Brief:
Within the material below, tally every line that holds the word "Poster", then give the tally and nothing more.

The records:
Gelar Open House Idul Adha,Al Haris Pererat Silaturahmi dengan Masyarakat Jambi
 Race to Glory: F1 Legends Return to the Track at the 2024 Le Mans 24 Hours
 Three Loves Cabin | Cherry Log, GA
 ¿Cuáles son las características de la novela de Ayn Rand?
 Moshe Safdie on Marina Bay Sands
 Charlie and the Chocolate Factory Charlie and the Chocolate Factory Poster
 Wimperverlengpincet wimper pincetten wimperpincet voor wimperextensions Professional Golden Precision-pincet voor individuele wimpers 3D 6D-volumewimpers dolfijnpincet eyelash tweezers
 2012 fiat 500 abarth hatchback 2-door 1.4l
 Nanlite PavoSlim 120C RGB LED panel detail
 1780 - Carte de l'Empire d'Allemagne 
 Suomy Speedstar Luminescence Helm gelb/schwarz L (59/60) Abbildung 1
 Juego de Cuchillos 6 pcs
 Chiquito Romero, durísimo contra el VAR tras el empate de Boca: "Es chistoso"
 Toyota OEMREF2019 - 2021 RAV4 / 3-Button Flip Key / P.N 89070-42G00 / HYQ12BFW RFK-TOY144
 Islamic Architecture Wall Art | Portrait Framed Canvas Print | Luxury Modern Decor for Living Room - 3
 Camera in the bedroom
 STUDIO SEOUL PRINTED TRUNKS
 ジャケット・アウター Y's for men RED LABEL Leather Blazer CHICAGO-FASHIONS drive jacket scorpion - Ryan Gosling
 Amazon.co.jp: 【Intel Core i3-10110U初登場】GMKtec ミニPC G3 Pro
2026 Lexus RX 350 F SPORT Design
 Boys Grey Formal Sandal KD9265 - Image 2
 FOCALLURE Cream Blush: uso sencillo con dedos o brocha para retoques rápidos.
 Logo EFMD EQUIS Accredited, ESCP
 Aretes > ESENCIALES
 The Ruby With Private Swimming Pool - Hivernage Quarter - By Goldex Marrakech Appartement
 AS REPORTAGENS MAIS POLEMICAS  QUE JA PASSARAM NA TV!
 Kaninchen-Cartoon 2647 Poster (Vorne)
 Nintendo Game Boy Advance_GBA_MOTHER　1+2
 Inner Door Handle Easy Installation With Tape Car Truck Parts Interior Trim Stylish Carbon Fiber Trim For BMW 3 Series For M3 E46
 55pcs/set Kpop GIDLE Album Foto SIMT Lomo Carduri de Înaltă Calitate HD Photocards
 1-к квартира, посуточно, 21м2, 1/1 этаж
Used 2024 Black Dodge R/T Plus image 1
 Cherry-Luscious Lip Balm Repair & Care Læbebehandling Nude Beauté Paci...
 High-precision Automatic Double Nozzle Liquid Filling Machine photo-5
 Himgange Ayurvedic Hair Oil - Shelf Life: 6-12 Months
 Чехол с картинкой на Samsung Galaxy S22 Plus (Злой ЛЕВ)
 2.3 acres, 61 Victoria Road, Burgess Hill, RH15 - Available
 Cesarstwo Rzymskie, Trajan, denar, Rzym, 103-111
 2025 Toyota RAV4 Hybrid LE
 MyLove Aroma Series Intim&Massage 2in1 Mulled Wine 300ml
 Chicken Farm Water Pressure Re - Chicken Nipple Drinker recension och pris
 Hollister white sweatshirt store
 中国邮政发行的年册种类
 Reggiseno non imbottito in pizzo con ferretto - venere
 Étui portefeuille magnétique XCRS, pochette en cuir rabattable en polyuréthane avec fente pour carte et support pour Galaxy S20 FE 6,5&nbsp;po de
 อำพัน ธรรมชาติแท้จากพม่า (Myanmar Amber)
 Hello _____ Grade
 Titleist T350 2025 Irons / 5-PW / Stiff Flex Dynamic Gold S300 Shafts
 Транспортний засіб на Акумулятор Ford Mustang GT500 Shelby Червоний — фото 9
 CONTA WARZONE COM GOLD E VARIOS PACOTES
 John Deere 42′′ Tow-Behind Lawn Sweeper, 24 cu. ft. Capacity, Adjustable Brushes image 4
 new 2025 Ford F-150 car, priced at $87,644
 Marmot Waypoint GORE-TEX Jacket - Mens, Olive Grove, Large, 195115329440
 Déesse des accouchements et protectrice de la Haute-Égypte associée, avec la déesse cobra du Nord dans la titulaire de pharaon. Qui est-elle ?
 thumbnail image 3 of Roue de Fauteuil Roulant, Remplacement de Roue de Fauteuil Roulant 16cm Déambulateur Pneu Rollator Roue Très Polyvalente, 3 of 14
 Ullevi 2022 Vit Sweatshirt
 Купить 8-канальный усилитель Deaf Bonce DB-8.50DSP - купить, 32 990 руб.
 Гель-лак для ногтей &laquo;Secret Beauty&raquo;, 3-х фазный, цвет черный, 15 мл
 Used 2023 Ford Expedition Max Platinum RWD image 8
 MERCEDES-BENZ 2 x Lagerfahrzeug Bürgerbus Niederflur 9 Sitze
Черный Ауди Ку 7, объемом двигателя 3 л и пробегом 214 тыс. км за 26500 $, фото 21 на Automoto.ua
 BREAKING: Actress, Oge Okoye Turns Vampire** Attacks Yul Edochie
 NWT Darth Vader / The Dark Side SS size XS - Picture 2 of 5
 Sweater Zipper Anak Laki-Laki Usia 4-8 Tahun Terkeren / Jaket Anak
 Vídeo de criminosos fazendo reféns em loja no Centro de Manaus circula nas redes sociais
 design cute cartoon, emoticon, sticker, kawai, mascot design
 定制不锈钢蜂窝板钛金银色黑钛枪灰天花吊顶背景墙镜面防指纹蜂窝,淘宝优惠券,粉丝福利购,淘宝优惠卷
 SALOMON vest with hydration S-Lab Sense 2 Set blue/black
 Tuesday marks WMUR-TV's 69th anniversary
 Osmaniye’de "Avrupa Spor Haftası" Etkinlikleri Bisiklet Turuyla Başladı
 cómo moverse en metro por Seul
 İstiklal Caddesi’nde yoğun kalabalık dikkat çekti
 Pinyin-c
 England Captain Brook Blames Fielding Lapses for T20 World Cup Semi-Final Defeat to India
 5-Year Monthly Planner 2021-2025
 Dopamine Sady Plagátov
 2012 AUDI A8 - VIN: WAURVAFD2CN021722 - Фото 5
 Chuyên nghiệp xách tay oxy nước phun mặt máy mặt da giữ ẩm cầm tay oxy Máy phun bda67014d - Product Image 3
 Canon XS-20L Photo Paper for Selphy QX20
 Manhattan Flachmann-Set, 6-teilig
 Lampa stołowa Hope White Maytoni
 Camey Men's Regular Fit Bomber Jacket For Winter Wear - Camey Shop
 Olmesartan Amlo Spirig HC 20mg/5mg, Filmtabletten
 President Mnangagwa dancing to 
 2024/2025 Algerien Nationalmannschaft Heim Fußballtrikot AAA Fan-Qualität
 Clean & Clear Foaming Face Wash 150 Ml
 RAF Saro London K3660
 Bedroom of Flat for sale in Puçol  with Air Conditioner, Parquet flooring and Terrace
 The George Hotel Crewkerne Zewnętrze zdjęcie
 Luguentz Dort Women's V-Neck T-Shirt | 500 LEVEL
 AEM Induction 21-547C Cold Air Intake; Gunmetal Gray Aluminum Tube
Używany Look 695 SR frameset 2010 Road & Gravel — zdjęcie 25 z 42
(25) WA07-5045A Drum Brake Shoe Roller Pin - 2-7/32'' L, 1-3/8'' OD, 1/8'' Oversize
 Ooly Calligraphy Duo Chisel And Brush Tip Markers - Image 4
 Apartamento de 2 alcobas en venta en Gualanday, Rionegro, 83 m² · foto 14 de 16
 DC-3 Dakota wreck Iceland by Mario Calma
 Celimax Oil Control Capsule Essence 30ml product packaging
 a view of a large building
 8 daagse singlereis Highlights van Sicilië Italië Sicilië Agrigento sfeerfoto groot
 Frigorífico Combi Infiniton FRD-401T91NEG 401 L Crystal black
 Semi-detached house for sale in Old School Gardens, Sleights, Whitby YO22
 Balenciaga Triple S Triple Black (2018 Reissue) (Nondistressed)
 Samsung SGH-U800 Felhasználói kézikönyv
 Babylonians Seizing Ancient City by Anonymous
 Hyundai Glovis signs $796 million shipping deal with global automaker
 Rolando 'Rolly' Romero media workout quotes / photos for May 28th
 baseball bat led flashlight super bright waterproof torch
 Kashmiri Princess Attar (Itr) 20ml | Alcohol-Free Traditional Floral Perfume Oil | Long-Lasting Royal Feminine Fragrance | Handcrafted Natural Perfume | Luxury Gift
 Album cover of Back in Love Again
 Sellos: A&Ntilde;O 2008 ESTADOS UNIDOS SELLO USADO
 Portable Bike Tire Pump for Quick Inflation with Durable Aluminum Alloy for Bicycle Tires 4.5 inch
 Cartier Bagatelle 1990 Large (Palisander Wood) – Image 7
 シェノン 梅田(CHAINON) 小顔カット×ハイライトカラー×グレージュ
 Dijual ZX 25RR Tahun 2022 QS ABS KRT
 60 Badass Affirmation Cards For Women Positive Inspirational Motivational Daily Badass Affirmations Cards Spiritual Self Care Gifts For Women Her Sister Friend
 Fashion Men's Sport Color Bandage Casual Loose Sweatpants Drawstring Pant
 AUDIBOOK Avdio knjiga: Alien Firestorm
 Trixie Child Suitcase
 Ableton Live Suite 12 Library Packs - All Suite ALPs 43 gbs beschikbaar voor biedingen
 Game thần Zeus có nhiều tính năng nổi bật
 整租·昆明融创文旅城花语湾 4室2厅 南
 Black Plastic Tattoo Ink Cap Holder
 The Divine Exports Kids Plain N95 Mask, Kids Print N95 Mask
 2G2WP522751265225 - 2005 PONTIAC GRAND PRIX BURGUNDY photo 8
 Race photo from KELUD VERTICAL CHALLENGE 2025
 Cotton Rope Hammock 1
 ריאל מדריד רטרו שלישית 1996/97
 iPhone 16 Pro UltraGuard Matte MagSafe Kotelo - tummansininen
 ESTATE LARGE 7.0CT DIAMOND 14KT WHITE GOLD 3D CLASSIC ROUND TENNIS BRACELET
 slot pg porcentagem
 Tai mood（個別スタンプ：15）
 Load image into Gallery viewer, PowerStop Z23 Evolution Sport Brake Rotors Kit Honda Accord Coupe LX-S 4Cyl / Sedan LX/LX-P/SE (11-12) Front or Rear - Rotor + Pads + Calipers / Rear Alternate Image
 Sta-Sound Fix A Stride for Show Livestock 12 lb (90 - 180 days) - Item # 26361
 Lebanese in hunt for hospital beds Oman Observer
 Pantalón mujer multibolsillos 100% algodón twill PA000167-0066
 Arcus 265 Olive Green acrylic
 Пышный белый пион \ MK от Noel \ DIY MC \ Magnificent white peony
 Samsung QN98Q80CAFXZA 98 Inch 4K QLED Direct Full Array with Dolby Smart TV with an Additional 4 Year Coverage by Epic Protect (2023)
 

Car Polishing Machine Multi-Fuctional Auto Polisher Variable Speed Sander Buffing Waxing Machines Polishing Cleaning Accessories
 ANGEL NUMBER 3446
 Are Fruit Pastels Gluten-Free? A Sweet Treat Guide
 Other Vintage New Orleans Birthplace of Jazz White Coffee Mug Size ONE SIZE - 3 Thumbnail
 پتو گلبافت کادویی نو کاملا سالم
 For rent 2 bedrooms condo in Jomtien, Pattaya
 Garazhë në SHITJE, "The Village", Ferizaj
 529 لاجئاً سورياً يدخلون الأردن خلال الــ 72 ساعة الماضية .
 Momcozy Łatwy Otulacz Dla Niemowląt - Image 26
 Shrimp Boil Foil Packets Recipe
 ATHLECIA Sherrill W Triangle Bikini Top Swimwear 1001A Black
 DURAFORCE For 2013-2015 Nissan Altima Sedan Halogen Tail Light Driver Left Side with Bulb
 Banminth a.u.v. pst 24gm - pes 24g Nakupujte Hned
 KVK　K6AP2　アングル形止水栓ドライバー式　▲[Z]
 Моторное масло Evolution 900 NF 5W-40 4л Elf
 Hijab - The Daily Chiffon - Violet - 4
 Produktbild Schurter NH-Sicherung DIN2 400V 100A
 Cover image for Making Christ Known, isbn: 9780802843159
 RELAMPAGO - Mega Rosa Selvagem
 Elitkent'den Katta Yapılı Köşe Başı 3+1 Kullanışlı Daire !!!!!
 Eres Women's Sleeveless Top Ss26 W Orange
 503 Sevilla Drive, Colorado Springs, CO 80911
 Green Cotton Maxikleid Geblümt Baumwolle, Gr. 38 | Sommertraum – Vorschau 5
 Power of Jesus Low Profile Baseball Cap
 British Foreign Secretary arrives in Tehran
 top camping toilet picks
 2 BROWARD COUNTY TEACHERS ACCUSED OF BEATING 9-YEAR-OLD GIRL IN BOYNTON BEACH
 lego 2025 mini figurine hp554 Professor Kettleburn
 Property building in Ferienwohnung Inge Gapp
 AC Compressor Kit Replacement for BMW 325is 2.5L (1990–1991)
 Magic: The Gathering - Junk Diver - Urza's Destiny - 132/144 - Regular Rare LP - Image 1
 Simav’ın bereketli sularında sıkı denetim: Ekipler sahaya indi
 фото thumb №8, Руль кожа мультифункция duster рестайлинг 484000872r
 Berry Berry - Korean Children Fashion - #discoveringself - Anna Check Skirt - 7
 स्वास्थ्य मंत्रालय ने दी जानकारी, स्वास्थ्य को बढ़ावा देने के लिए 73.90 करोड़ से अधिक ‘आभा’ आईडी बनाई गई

Exercise response:
2